A cobrança tem origem na lei aprovada pelo Congresso dos Estados Unidos em 2024, que exigia a venda das operações americanas do TikTok ou a retirada do aplicativo do mercado norte-americano. A lei buscava reduzir preocupações de segurança nacional associadas ao possível acesso do governo chinês a dados de usuários e à influência da ByteDance sobre o conteúdo que a plataforma exibe. Segundo o gabinete de Markey, a legislação também buscava impedir que a ByteDance mantivesse relação operacional com a empresa responsável pelo TikTok nos EUA após a venda.

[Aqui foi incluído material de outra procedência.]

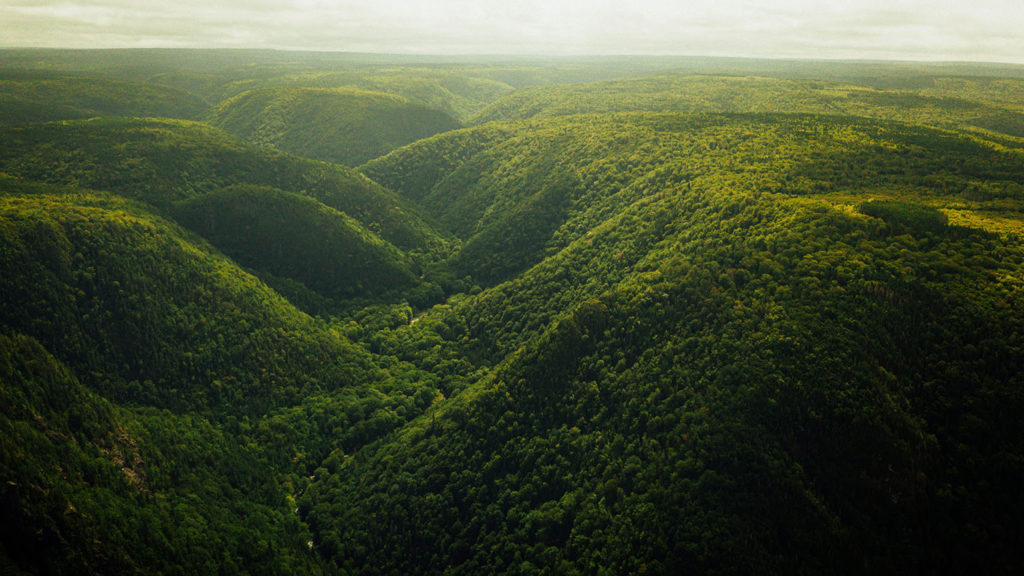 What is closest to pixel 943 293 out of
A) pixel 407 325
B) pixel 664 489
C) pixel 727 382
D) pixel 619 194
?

A Reuters informou que a nova estrutura deixou a ByteDance com participação de 19,9% no TikTok USDS, enquanto investidores dos Estados Unidos e de outros países passaram a deter 80,1% da joint venture. A Oracle ficou responsável pelos serviços de segurança ligados a dados e algoritmo da plataforma, por meio de sua infraestrutura de nuvem baseada nos Estados Unidos.

Cartas pedem detalhes sobre código, dados e algoritmo

Nas cartas, Markey questiona como o TikTok USDS pretende revisar o código-fonte da plataforma sem comprometer a velocidade das atualizações de segurança e operação. O senador também pede informações sobre o processo de retreinamento do sistema de recomendação de conteúdo, incluindo escopo, tipos de dados utilizados e cronograma de execução.

Markey solicita ainda que o TikTok USDS explique os termos do acordo de licenciamento firmado com a ByteDance e esclareça se dados de usuários ou modelos podem retornar à empresa chinesa. A questão central, segundo o gabinete do senador, é verificar se a nova estrutura impede que a ByteDance influencie a recomendação de conteúdo, a moderação e a atualização de sistemas da plataforma nos Estados Unidos.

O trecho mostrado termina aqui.